▶ [AVAILABLE DATA]:
%%

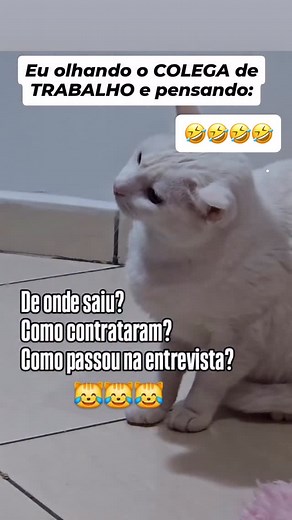 Instagram video by Theresa Maria Rodrigues • Jul 27, 2025 at 6:59 AM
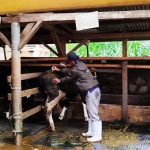 Penyakit Mulut dan Kuku Meluas di Jawa Barat, 1.895 Ekor Sapi Tertular, 92 Mati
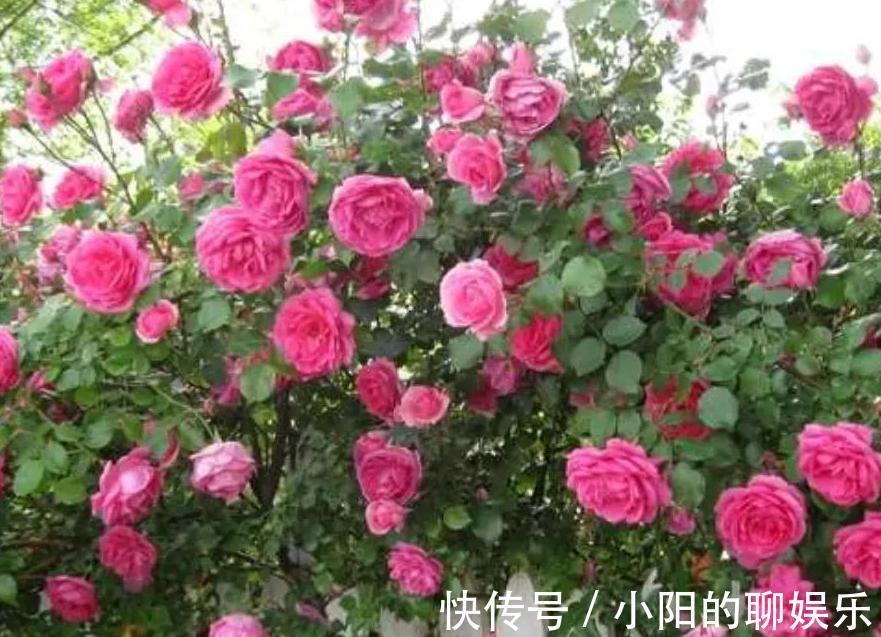 有个院子我只栽4种爬墙花,靠天吃饭就能开满一墙花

%%

▶ [WHAT TO DO]:
All of the material above must be given again verbatim, except for the pictures.

▶ [WRITTEN RESPONSE]:
 Instagram video by Theresa Maria Rodrigues • Jul 27, 2025 at 6:59 AM
 Penyakit Mulut dan Kuku Meluas di Jawa Barat, 1.895 Ekor Sapi Tertular, 92 Mati
 有个院子我只栽4种爬墙花,靠天吃饭就能开满一墙花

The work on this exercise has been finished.